From the first line to the last, return the data exactly, with no pictures.

INPUT RECORDS Block Start

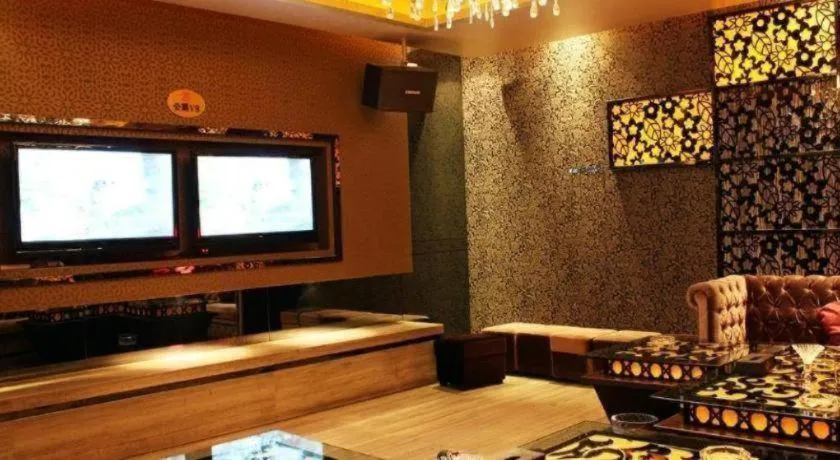 Dongguan Royal Metropolitan Hotel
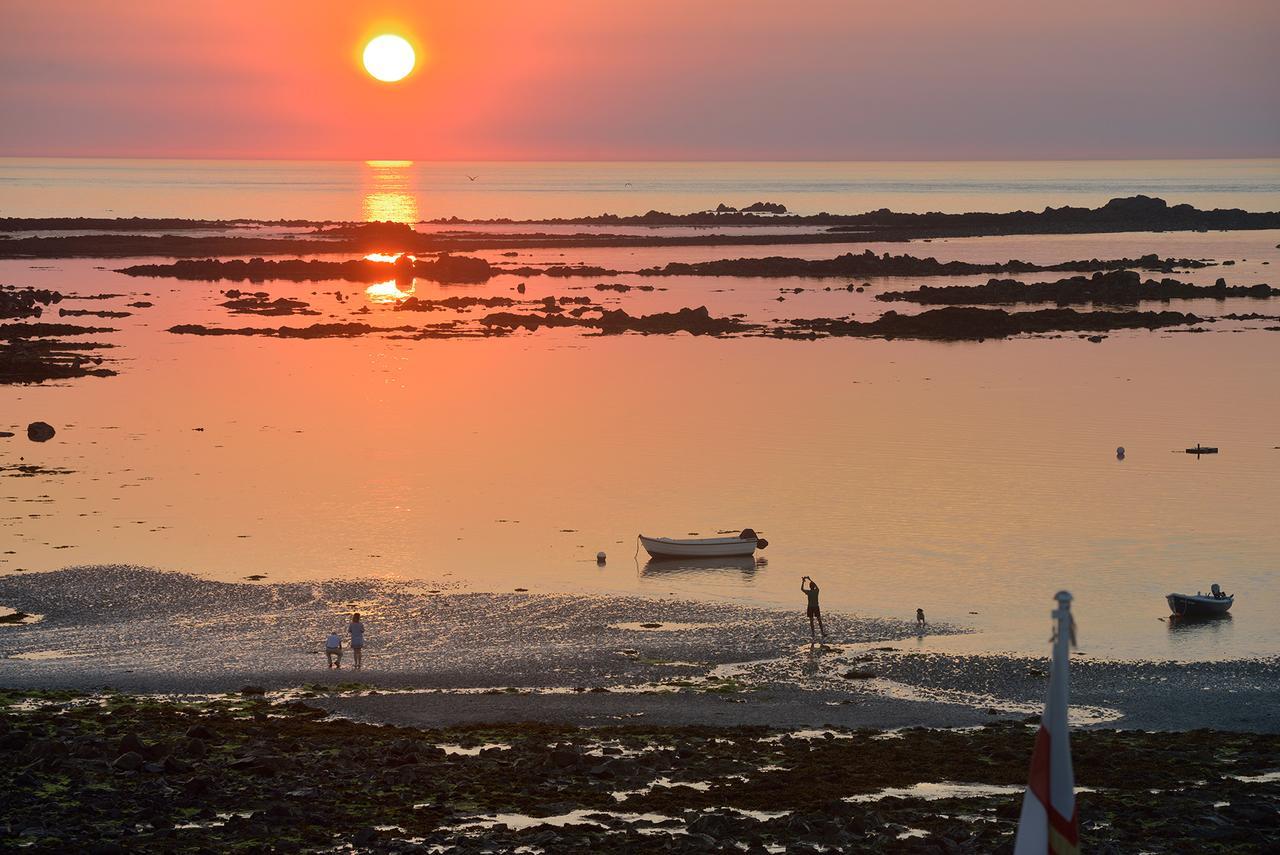 Driftwood Inn Saint Saviour Удобства фото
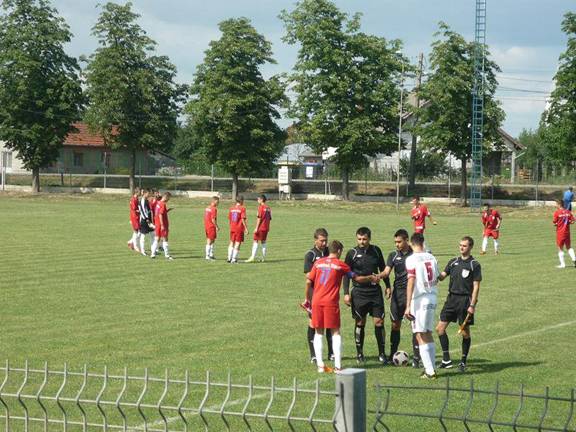 Meci juniori FC Bihor Oradea - Dinamo Bucuresti scor 0-1. Foto arhiva personala GEORGE MANGRA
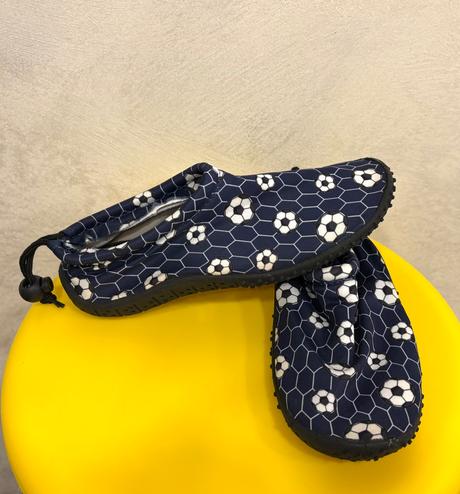 Futbalové topánky do vody veľ. 33- 22cm, humanic,33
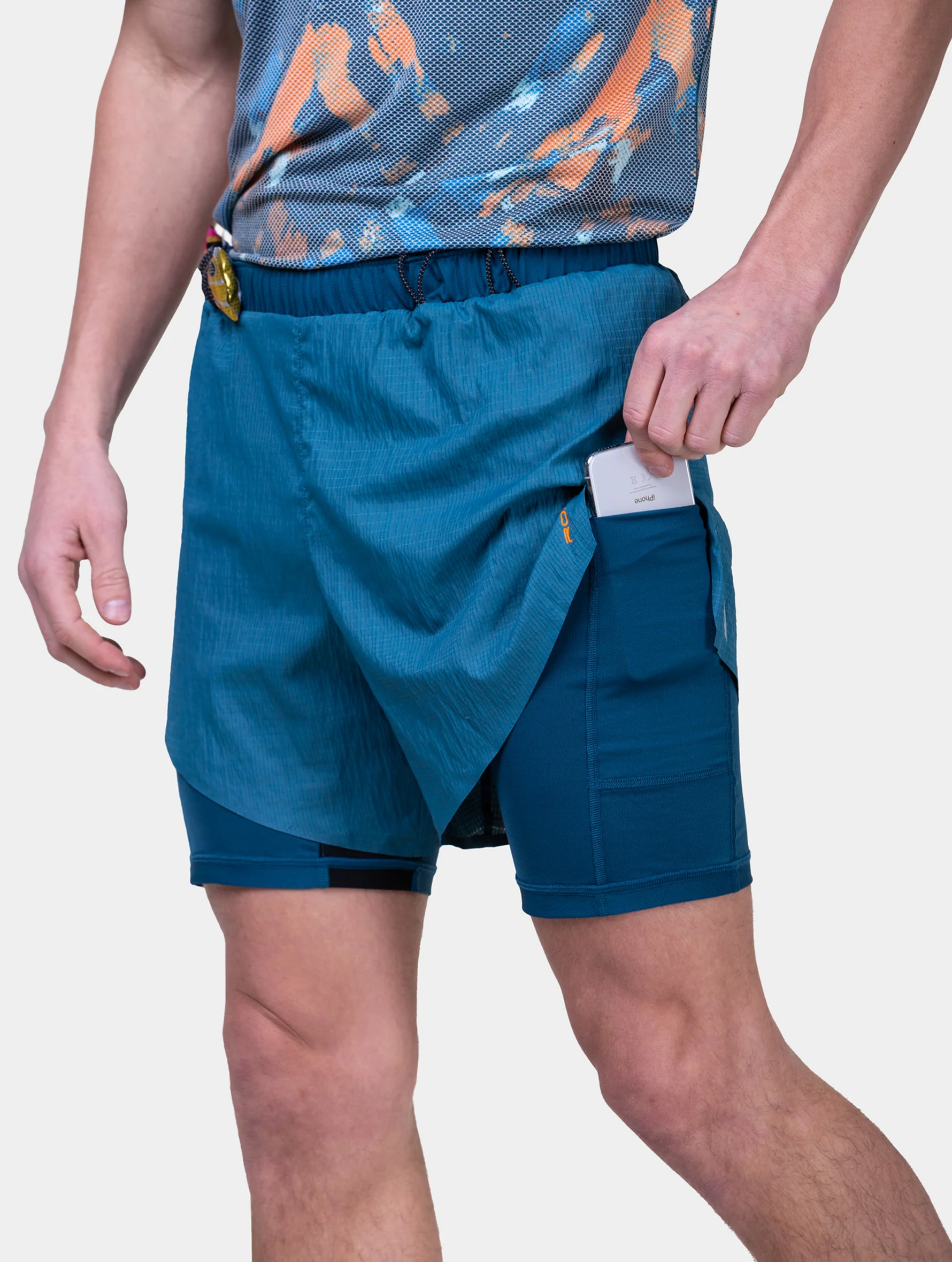 Short de Running Tech Race Twin Ronhill Hombre Azul Grisáceo - Imagen 4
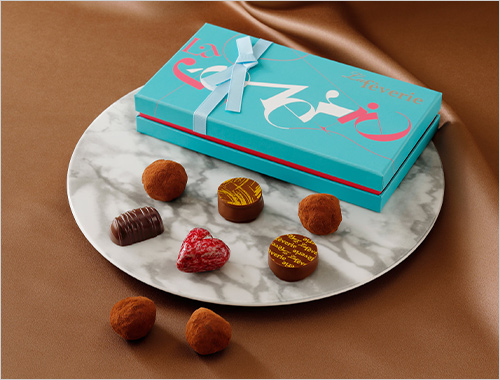 トリュフボヌール(8個入) 2,160円  M.O.Fショコラティエのパスカル・ブリュンシュタインによる、カカオの産地にこだわったカカオ70％のダークチョコレートトリュフなど選び抜かれた素材と卓越した技術で創り上げたショコラの詰め合わせ。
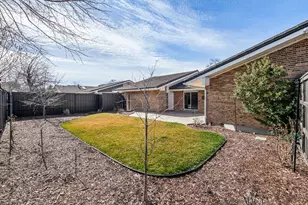 4820 S 3 Fountains Dr, Murray, UT 84107 - Photo 31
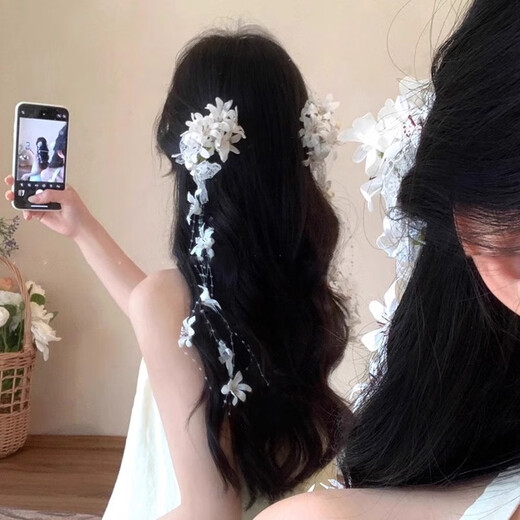 Dai Yan new Chinese style lily of the valley flower hairpin 2025 new simulated flower hairpin side clip vacation photo atmosphere headwear flower tassel side clip single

INPUT RECORDS Block End

◆ **ANSWER BELOW**
 Dongguan Royal Metropolitan Hotel
 Driftwood Inn Saint Saviour Удобства фото
 Meci juniori FC Bihor Oradea - Dinamo Bucuresti scor 0-1. Foto arhiva personala GEORGE MANGRA
 Futbalové topánky do vody veľ. 33- 22cm, humanic,33
 Short de Running Tech Race Twin Ronhill Hombre Azul Grisáceo - Imagen 4
 トリュフボヌール(8個入) 2,160円  M.O.Fショコラティエのパスカル・ブリュンシュタインによる、カカオの産地にこだわったカカオ70％のダークチョコレートトリュフなど選び抜かれた素材と卓越した技術で創り上げたショコラの詰め合わせ。
 4820 S 3 Fountains Dr, Murray, UT 84107 - Photo 31
 Dai Yan new Chinese style lily of the valley flower hairpin 2025 new simulated flower hairpin side clip vacation photo atmosphere headwear flower tassel side clip single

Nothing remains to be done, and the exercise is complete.